With so many gig-playing musicians here, I though this might be of interest. It’s an AI-powered tool that can chew up a recorded synthesizer sound and spit out a preset that resembles it for the free synthesizer Vital. I could see a keyboard player running a song they need to cover through a stem-separating tool to isolate the keyboard part and then putting the part through this to give them a starting place for a synth patch they can play live.
Interesting, but will it be better thna a good pair of ears and a knowledge of synthesis?
I have always managed to recreate most sounds. The ones I have sometimes struggled with are Prophet 5 sounds where Polymod is in use
Some sounds are also hard when they are drenched in effects, but I have ways of getting past that.
But I am sure this would be of interest to some.
I’d say that depends on your “better”. If you want to actually know what you are doing, or you want to know how to make subtle changes to the patch to taste, then it’s probably not “better”. If all you need to do is get a synth sound set up so you can play Prince’s “1999” at a gig tomorrow, then maybe letting the software do the lifting is better. There’s a lot of gray area there, too - maybe you use it to get you in the ballpark, then like the kid in the video, you tweak until you get what you want. Or you use it to learn more about how Vital works - maybe by comparing the settings on the multiple presets to see if you can figure out what they’re doing.

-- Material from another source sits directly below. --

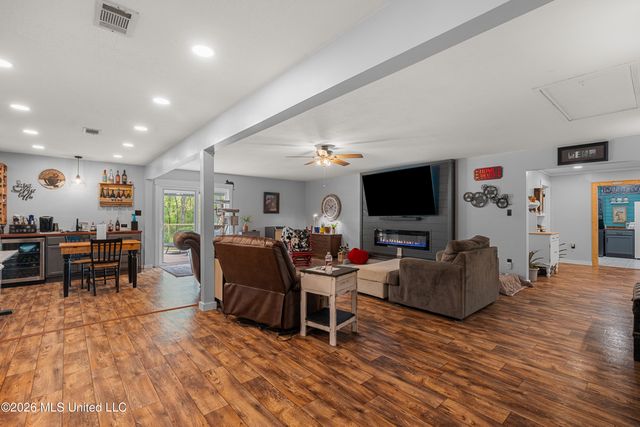 28 Woodland Road, Hattiesburg, MS 39401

Another thing that this can’t do (because it’s not designed to) is recreate some effect that you control using a continuous controller like the mod wheel. If you need that kind of control of the sound, you’re going to have to figure out how to do some of it yourself.
I fed it some wav samples I extracted from a YouTube video of the Behringer Solina. It didn’t replicate the Solina but the patches it came up with are interesting.